Background:

Dr. Tracy received her Ph.D. in Biology, with an emphasis in Biochemistry, from Syracuse University in 1977. Her current interests in how platelets regulate blood clotting reactions developed as a result of her 5 years of post-doctoral training in the Special Coagulation Laboratory, Division of Hematology at the Mayo Clinic in Rochester, MN. Her first university appointment was made in 1983 as an Assistant Professor of Pathology at the University of Rochester, Rochester, NY. In 1985, she moved to the University of Vermont as a Research Assistant Professor of Medicine and Biochemistry and member of the Thrombosis Research Center. She became a tenured Professor of Biochemistry in 1995, and in July 2005, accepted the position of Interim Chairperson of the department. In addition to her research activities and pre- and post-doctoral training activities, Dr. Tracy also has assumed a significant teaching role in the graduate and medical schools. She is a strong proponent of academia and thus spends her time between administration, research, teaching and mentoring her students. As a result of her research and training endeavors, Dr. Tracy serves on the editorial board of several journals related to hemostasis and thrombosis, was a member of the National Institutes of Health Hematology Study Section for eight years and served as Chairperson of several highly specialized meetings, such as the Gordon Research Conference on Hemostasis and the Federation of the American Society of Experimental Biologists Summer Research Conference on Proteases and Vascular Biology.

Research Interests:

Cell & Molecular Biology
Coagulation Biology & Disease
Enzymology
Structural Biology

Project Description:

The principle objective of our laboratory is to develop a fundamental understanding of how platelets participate in and regulate the formation of the important bioregulatory effector molecule, thrombin. Thrombin generation is effected by the macromolecular complex, Prothrombinase, which consists of a CaČ⁺-dependent, membrane-bound complex of the cofactor protein, factor Va, and the serine protease, factor Xa.

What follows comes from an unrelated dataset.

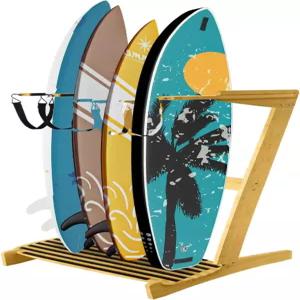 투 스톤 수직 서핑보드 랙 스탠드 - 무료 월 마운트의 서핑 쇼트보드 패들보드 스노보드 스케이트보드 스키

One specific goal is to provide both a qualitative and quantitative understanding of the integrally related kinetic and binding events regulating the functional interactions of factors Va and Xa with the platelet membrane surface. A structural model of how Prothrombinase assembles on the activated platelet membrane is being determined using a cross-linking and proteomics approach. The membrane receptors, the intracellular signalling pathways and the enzymatic processes controlling these events are also being identified using biochemical and molecular biological approaches. A second major goal is to define how megakaryocytes, platelet progenitor cells, developmentally regulate the endocytosis and possible synthesis of the required cofactor factor V(a) and, to determine the cellular events regulating its intracellular trafficking to storage granules and the phenotypic changes in the factor V molecule resulting from these interactions. Since the platelet-derived factor Va pool is essential for normal blood clotting, defining how platelets acquire this essential protein, process it and express it at their membrane surface is key to our understanding of how thrombin generation is regulated. The formation of thrombin at the surface of platelets is pivotal to the physiological and pathophysiological functions they provide as they localize to vascular and extravascular tissue sites.